I think it’s possible for both to be true.
Most beastmen would be in villages, because they don’t have a leader capable of uniting them into a semi-civilization (I say semi because they also have weak farming abilities meaning lower income, combined with the maximum population limits per hex, would mean that a beastman King would need to control much more land area than a human King to reach the same level).
But the big world-destroying armies come out of those rare semi-civilization areas.
Composition is still a bit of an issue, I agree. Have you considered using the standard mercenary rates and converting them to analagous beastmen?
For example, goblins might replace light infantry, goblin wolf riders replacing cavalry, hobgoblins replacing heavy infantry, ogres replacing cataphract cavalry, etc. I don’t think you would get a perfect 1:1 correspondence, but you could use them as a starting point.

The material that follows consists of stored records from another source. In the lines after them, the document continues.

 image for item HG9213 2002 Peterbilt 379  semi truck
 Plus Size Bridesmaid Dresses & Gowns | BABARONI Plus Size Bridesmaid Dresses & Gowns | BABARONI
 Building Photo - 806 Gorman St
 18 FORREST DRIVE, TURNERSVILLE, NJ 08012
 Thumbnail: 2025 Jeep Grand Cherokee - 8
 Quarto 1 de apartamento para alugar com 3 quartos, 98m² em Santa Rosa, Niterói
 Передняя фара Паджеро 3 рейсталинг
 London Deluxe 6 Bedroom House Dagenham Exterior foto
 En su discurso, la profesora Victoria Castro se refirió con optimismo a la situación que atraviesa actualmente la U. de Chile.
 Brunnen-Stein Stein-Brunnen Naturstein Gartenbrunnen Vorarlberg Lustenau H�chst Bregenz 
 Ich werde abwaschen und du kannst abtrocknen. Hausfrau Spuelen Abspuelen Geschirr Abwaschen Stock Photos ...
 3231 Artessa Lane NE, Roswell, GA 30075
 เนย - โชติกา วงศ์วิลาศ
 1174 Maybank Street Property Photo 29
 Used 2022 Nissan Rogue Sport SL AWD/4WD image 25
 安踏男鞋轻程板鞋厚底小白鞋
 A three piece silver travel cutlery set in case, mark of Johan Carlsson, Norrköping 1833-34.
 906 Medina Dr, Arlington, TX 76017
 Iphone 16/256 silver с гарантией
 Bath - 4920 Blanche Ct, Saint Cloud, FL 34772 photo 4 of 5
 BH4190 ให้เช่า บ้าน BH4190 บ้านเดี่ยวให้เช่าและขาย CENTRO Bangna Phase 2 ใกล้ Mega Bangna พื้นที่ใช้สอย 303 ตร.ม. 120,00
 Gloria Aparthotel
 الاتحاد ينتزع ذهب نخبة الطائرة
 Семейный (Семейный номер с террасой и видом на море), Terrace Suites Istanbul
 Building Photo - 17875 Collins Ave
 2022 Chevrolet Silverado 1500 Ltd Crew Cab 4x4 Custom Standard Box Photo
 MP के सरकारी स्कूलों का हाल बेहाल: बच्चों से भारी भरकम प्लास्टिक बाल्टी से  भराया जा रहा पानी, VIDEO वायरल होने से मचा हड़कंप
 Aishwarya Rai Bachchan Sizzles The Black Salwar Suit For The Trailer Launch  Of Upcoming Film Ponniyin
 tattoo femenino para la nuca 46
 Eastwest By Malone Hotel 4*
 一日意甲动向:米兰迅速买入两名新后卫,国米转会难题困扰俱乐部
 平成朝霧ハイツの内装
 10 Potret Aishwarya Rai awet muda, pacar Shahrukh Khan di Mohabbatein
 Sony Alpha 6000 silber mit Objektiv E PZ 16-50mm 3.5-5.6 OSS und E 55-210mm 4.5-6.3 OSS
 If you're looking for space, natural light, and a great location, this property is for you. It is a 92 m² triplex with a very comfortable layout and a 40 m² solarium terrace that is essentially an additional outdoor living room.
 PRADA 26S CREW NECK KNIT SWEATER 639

Alternately, you could just say it’s a demographic thing and start with the demographics of the area. If the domain is 80% goblin and 20% hobgoblin, you could say that there might be an ogre here and there, but not enough to make any meaningful units. (Although they might have an ogre lieutenant for some units.) Then you could use the D@W breakdowns for the goblins and hobs separately, simply based off the number of each that happened to be within the domain.
I think in general, ACKS assumes that a single type of beastman is dominant over the others in any given area, the same way that a realm is a human or elven domain instead of being a mixed domain. Which makes sense; most types of beastmen are happy to war against or enslave other types of beastmen, they’ll only stop fighting each other to fight humans when the humans are currently in the process of invading them.